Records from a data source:
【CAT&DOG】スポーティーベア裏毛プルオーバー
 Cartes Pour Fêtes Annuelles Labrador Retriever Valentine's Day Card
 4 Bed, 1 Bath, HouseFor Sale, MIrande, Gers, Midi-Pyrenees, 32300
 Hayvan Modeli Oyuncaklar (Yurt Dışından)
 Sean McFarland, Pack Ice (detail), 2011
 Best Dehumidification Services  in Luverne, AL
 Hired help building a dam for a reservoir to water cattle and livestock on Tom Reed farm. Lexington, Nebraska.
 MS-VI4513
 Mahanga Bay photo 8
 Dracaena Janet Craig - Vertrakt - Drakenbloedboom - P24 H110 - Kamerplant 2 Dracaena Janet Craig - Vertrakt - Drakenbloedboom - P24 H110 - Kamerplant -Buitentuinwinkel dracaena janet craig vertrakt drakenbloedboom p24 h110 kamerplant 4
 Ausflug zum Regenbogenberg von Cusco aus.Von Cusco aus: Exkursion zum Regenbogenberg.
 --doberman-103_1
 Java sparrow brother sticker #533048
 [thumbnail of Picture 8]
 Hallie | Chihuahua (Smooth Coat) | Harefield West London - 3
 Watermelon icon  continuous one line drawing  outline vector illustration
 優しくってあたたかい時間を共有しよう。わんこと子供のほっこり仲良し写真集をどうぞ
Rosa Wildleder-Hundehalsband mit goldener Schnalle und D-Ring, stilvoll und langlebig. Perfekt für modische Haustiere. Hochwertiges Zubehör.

▶ **WORK TO COMPLETE**: Take the line with "[thumbnail of Picture 8]" and all lines after it through the end of the records, and write them out exactly; include nothing else.

▶ **RESPONSE FOR THIS EXERCISE**:
 [thumbnail of Picture 8]
 Hallie | Chihuahua (Smooth Coat) | Harefield West London - 3
 Watermelon icon  continuous one line drawing  outline vector illustration
 優しくってあたたかい時間を共有しよう。わんこと子供のほっこり仲良し写真集をどうぞ
Rosa Wildleder-Hundehalsband mit goldener Schnalle und D-Ring, stilvoll und langlebig. Perfekt für modische Haustiere. Hochwertiges Zubehör.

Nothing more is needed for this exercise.